For the first time in the kingdom's history, women will be able to vote, register as candidates and run for office in the municipal elections to be held on December 12. These will be the first polls since the 2011 decision by late Saudi King Abdullah bin Abdulaziz al-Saud to grant women the right to vote and run for office.

Voter registration begins on August 22, but started a week earlier in Mecca and Medina, which Shamat and Saadi call home, respectively. Candidates will be able to register beginning on August 30.

The municipal council's limited responsibilities include approving annual budgets, suggesting planning regulations, and overseeing urban and development projects.

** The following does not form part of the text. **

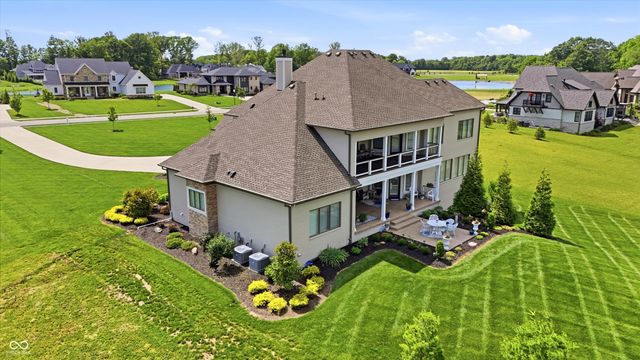 4025 Lochview Court, Bargersville, IN 46106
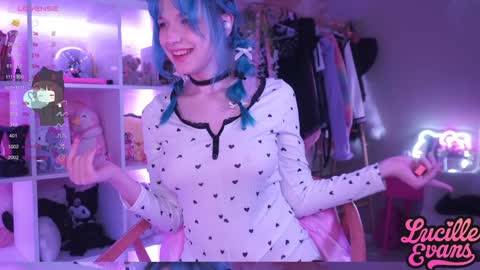 Snapshot of lucille_evans chatting on 31, 1, 2025 Lucy UwU online show from 31, 1, 2025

An estimated 70 women are planning to register as candidates, and an additional 80 as campaign managers, according to local media. Neither male nor female candidates will be allowed to use pictures of themselves in campaign advertising, and on election day, there will be separate polling centres for men and women.

Women's rights activists had long fought for the right to vote in the oil-rich Gulf kingdom, whose legal code applies a strict interpretation of Sunni Islam that bans females from driving and travelling without the consent of a male guardian.

Female participation in December's elections "is an important step towards creating greater inclusion within society", said Nouf al-Sadiq, a Saudi citizen and graduate student in Middle East studies at George Washington University. "It is also a vital step towards moderation, and for reaching a better understanding of our own society."

Muna Abusulayman, an influential Saudi who has worked in media, education and philanthropy entrepreneurship, was also optimistic, predicting that if women are elected to office, they "will bring a female point of view, demanding certain amendments to laws that are unfavourable towards women".

Fawzia Abu Khalid, a political sociologist at King Saud University, sees the decision to allow female political participation as reflecting a broader change in view in Saudi Arabia regarding women's rights.

"I think there is the realisation from different groups, including the conservative groups, that what happened in the past, where their voice was the only representative in society, would no longer continue," she said.